Me da rabia este país, el mío. Me hierven las entrañas pensando en los complejos qué tenemos, en los mezquinos que somos y en que ensalzamos a unos dañando a otros. Que nos rasgamos las vestiduras en plan turba y nos ponemos las banderas según conviene. Abanderados de las modas, que olvidamos con la misma facilidad que nos sentimos heridos y exaltados. Y me sale la palabra con «Ñ», el taco y lo quiero gritar alto y fuerte de pura rabia de país, pero mi madre dice que digo muchas palabrotas y mi hija mayor también me lo recrimina. Igual tengo que aprender de la experiencia y la inocencia. Y no soy la única, porque en sólo un día los trolls han vomitado en todo tipo de redes su basura, y lo triste creedme no es que sea un caso aislado, eso es lo demente. Lo triste, lo intolerable es que esto ocurre a diario en las redes, en las aulas y los corrillos.

Somos débiles y miserables, nos ocultamos bajo una sonrisa llena de envidia y de desprecio hacia el prójimo, en un mundo donde estás conmigo o contra mí, donde hay que elegir bando, donde se te exigen etiquetas y donde nos escondemos bajo la dictadura de las etiquetas. Queremos ser Arlequín, pero somos Halley Quinn.

Se nos llena la boca de nuevos vocablos que hemos inventado por el camino: Resilencia, sororidad… Pero cuando llega el momento, volvemos a los mismos vicios a criticar por criticar y a dañar sin echar la vista atrás.

Este fin de semana parecía que no había otra cosa en el mundo que el BenidormFest, y eso que, también se producían los premios Feroz, que son los premios que dan los periodistas de cine, ya saben el séptimo arte que nos hace soñar… Pues apenas se ha hablado de ellos, encontrarlos en el maremagnum que nos ofrece internet, era poco más que misión imposible, lo cual ya pone de relevancia el nivelazo cultural que tenemos como país. Luego nos quejamos.

Y ya centrado en el BenidormFest, precioso… De nuevo la gente se entusiasmaba por Eurovisión, lo cual no me parece ni bien ni mal, ahí está. Que me parecía genial las propuestas atrevidas que se han presentado, también y que me hubiera gustado que ganaran, pues oiga sí, porque la letra que ha ganado no me gusta ni me congratula ni me representa, pero esas eran las reglas del juego, y a veces se gana y otras se pierde.
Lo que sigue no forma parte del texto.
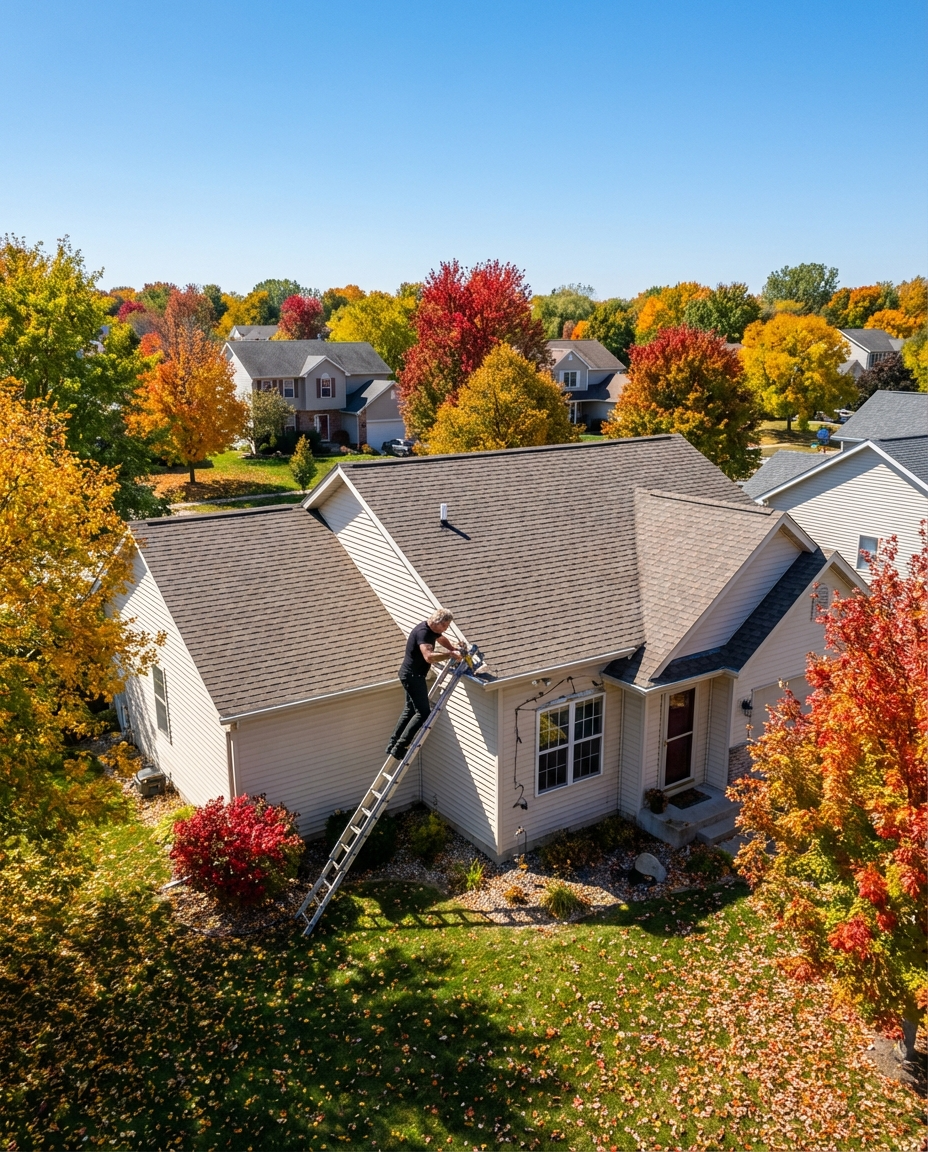 Man on ladder caulking roof gutter. House exterior, sunny day.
Lo que me indigna es el trato que se le está dando a la ganadora, ese linchamiento gratuito a una persona con la que podremos estar más o menos de acuerdo, pero que lleva años trabajando y luchando por despuntar como cantante y artista, no tiene ninguna justificación. Y todo esto, se está haciendo para ensalzar a las perdedoras… Señoras y señores, así no.

No se eleva a una persona a costa de hundir a otra, de forzarla a desaparecer ( en este caso de las redes), pero es que el problema va más allá, trasciende a las aulas, al lugar de trabajo y a aquellos entornos en los que a priori debiéramos sentirnos seguros. Que esta vez ha sido Chanel, pero mañana es tu hijo, tu hermana o tu amiga, y así suma y sigue.
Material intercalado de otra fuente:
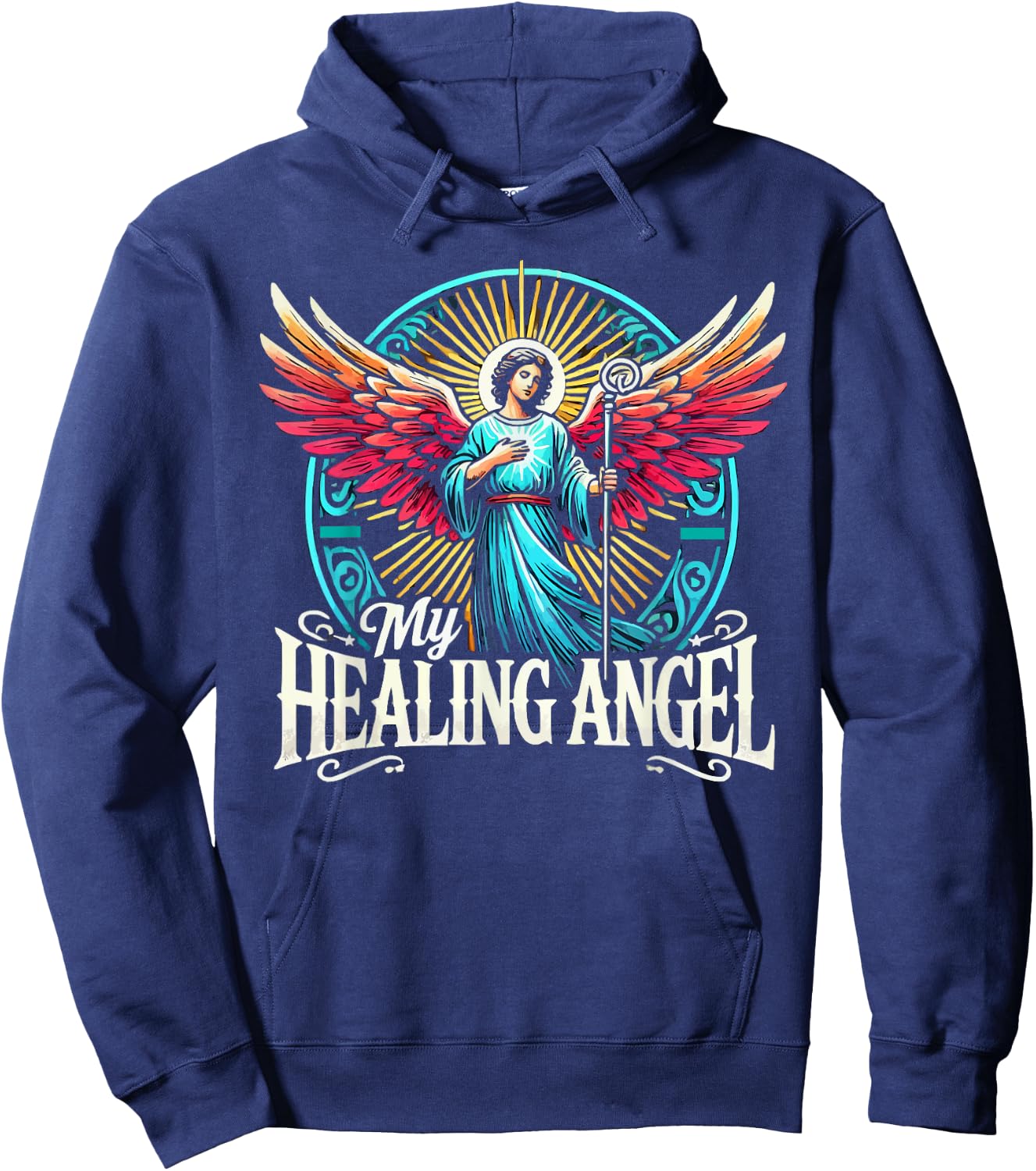 Archangel Raphael Catholic Christianity Guardian Angel Hoodie - Hoodie | Navy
Me preocupa y mucho, el odio que se percibe todos los días, la costumbre facilona que se está instaurando en nuestra sociedad de escupir diatribas, arengar a las masas y machacar sin pensar en las consecuencias.

El problema es mucho más profundo que la letra de una canción de si es machista o no lo es, de si está vacía de significado, es mucho más agudo que defender una teta sobre el escenario, o la diversidad cultural de nuestros territorios… Hay mucha amnesia cultural en los que lanza mensajes llenos de basura, si nos pusiéramos a hacer memoria, muchos de vosotros/as seguro que cubata en mano habéis cantado temas musicales más infames.
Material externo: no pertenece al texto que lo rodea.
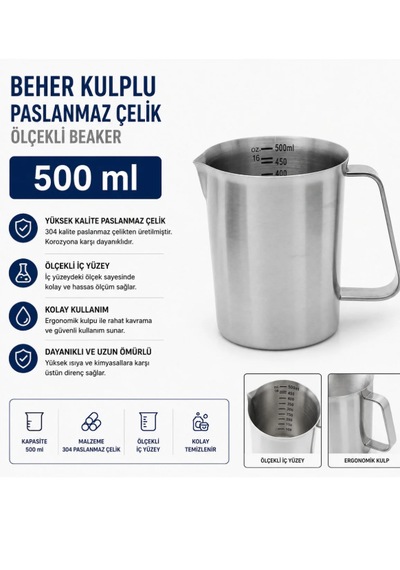 Beher Kulplu Paslanmaz Çelik 500 Ml - Ölçekli Beaker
Mientras no hagamos un ejercicio de introspección y miremos lo que está mal en nosotros, evolucionemos y seamos personas… Sí personas, porque somos seres humanos, pero ser persona es mucho más, mientras no lo hagamos, estamos perdidos, y no sólo nosotros, sino las generaciones que ahora aún son niños, sin complejos y sin prejuicios, pero que a medida que crecen se contaminan del odio y la cobardía que lamentablemente está cada vez más presente.